Fragments d’errance : une toile, une vie
Ce que Van Gogh a laissé sur les murs… et dans ma mémoire !
Cette petite reproduction du tableau de Van Gogh, Les roulottes, a toujours été là, comme une constante rassurante dans les intérieurs de ma famille. À Tiaret, aux portes du Sahara, il occupait une place centrale, sur le mur ocre du salon, au milieu des tapis d’Aflou et des ombres longues projetées par le soleil. C’était comme un éclat de lumière étrangère dans le désert, un rappel de la Provence familiale qui soufflait à travers l’aridité du quotidien.
Quand nous avons déménagé à Amiens, ce tableau était toujours là, accroché dans notre froid appartement en Picardie. Son éclat semblait presque insolent face au gris du ciel et à l’austérité des briques rouges. Je le regardais souvent, m’imaginant sous ce ciel de Provence, sentant la chaleur vibrer sur ma peau, me demandant si les personnages peints par Van Gogh avaient eux aussi eu froid un jour, ailleurs.

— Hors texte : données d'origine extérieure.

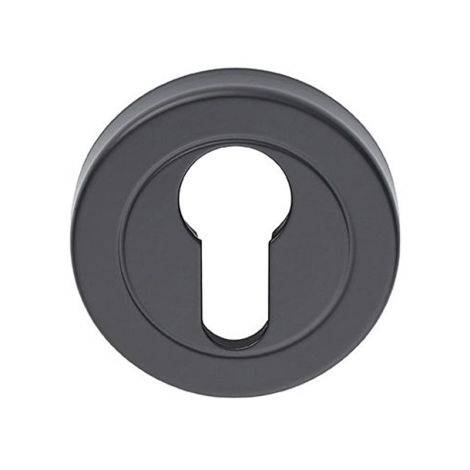 Skantrae Cilinderrozet Astro Zwart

Puis ce fut Madagascar, Tamatave. La lumière de l’océan Indien semblait s’accorder parfaitement à la chaleur qui émanait de cette peinture. Là-bas, elle trouvait une sorte d’écho, une résonance naturelle avec la vie colorée et trépidante de l’île rouge. Et plus tard encore, à La Saline-Les-Bains, à la Réunion, elle a continué à faire partie de notre décor familial, nous rappelant l’errance de nos propres vies, ces déplacements constants qui faisaient de nous des déracinés.

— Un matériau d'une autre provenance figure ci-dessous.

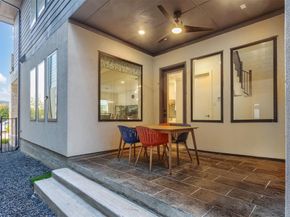 7513  Hewitt Drive , McKinney Texas 75070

Mais un jour, sans que je ne sache vraiment pourquoi ni comment, ce tableau a disparu. Était-ce un déménagement où il s’est égaré ? Ou simplement un geste de renoncement à cette présence qui avait fini par nous lier davantage à nos souvenirs qu’à notre présent ?
Je me demande souvent ce qu’il est devenu. Peut-être est-il accroché quelque part, dans une maison inconnue, continuant d’évoquer pour d’autres ce calme vibrant et cette chaleur intense. Ou peut-être a-t-il rejoint un autre voyage, emportant avec lui une part de notre histoire, pour se perdre parmi d’autres errances.

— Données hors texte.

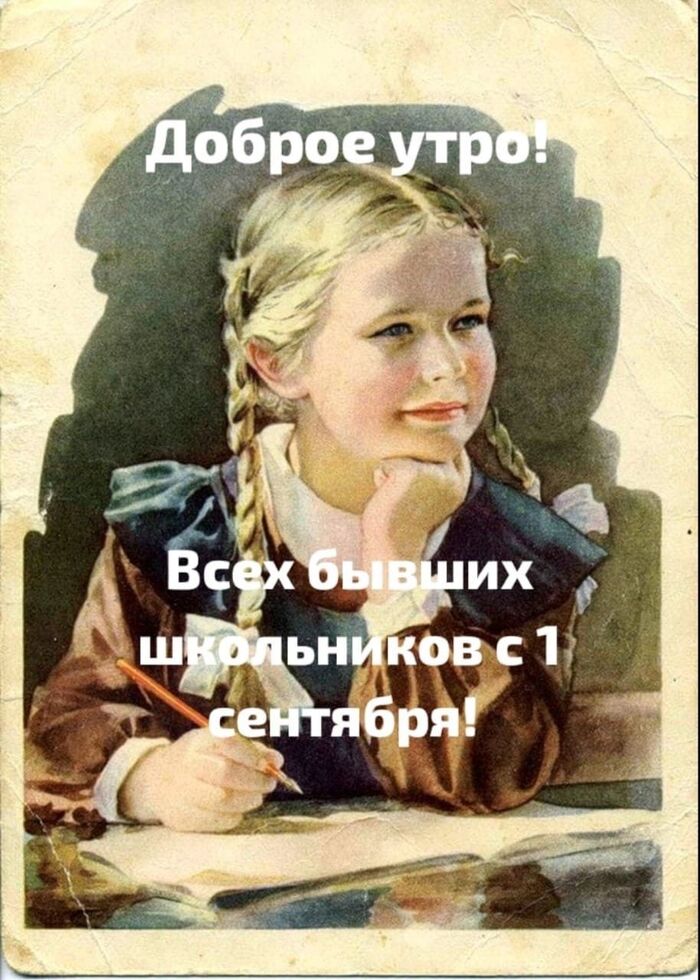 ! , ,  , , 1 , , , ,  ,   , , , ,  ,  ,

Van Gogh, lui-même, devait comprendre ce genre de mystère. Il peignait les roulottes et les gitans comme on peint la précarité de l’existence, la route, et cette étrange quête de liberté qui n’a jamais vraiment de destination. Un campement éphémère sous un ciel infini. Un tableau qui, comme nous, semblait toujours en transit.